Exercise requirements:
Set out exactly, and only, the lines running from the one containing "This cabin is" to the bottom of the listing below; pictures stay out.

Raw data:
================

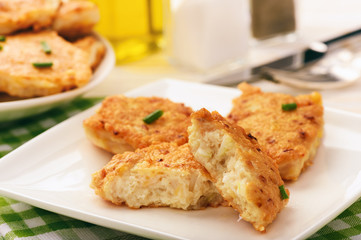 Roasted chicken cutlets with garlic and cheese on white plate.Selective focus.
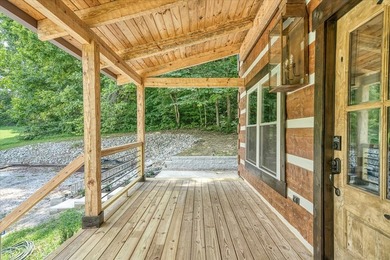 This cabin is a true gem! Offering a new construction log home - photo 35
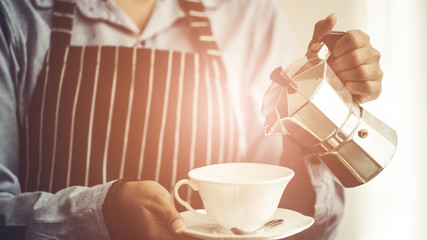 Barista making Espresso,  Americano, Cappuccino, Latte, Mocha, and preparing coffee drink.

================

Answer for this exercise:
 This cabin is a true gem! Offering a new construction log home - photo 35
 Barista making Espresso,  Americano, Cappuccino, Latte, Mocha, and preparing coffee drink.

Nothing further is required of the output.